So I run wild with its offerings. I take all of it in: the restaurant makeovers, the stylishly-edited docudramas, the competition shows, the sweet-and-sour dating romps, ignoring the genre’s apparent biases, or what media scholar Jane Feuer calls “taste hierarchies,” happy with the banquet before me.
When the spellbindingly immature quarrels of Love Island’s Ken-and-Barbie contestants prove enough for the night—Molly-Mae dumps Anton for Tommy, Tommy dumps Molly-Mae for Maura, and around we go!—I turn in. Other nights take different routes. On BET+, I skim through the first few episodes of Washington Heights, the reality series from 2013, anxious for anything that reminds me of how it used to be, of an earlier New York. I make my rounds, catching up on Shark Tank and stewing in the delicious pettiness of Ex on the Beach: Peak of Love, watching Callum nervously squirm as Megan grills him about their split. I replay the heat of their interactions, how they share the memory of closeness even in separation.

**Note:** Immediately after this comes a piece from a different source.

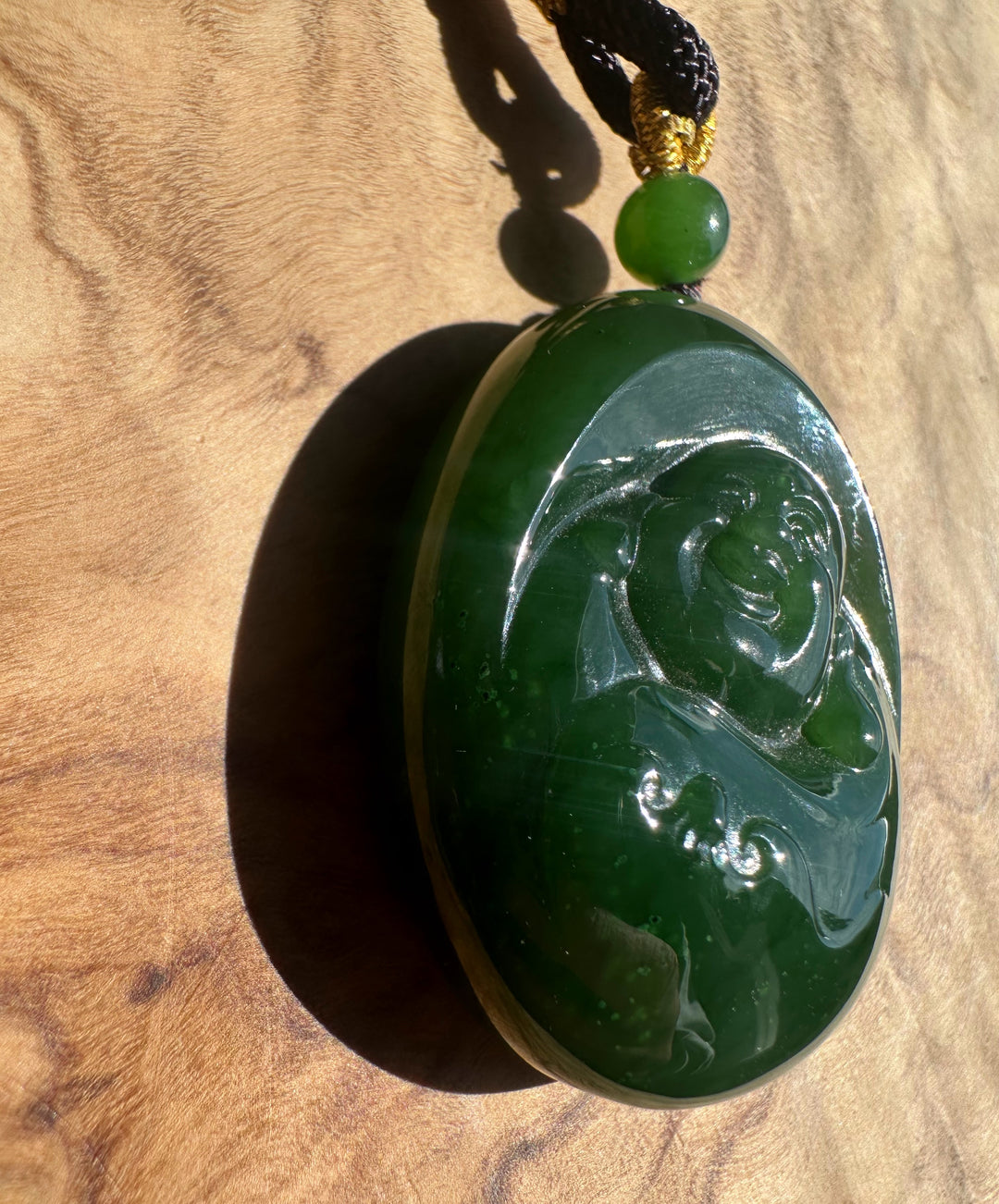 Green jade pendant with intricate carvings on a wooden surface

At some point, I find myself watching Restaurants on the Edge, the Netflix series about far-flung restaurants in need of serious overhaul. Its trio of hosts travel to places like the Austrian Alps, Hong Kong, and the shores of Malta, meeting locals and dining on the region’s vast culture. Makeover shows have been a staple of the genre since its inception and include everything from Queer Eye and Bar Rescue to less obvious selections like The Bachelor and American Idol. (Conventional as they are, contestants are essentially looking to transform their lives.) What drew me to Restaurants on the Edge was likely what has drawn me to much of the travel writing I’ve indulged in under quarantine: It allows me to journey somewhere else, to move without the prick of worry. It reminds me that nothing, no matter how grave the circumstances, is beyond repair. Maybe that’s our story, too. We were something before. On the other side of this, we will be something much different.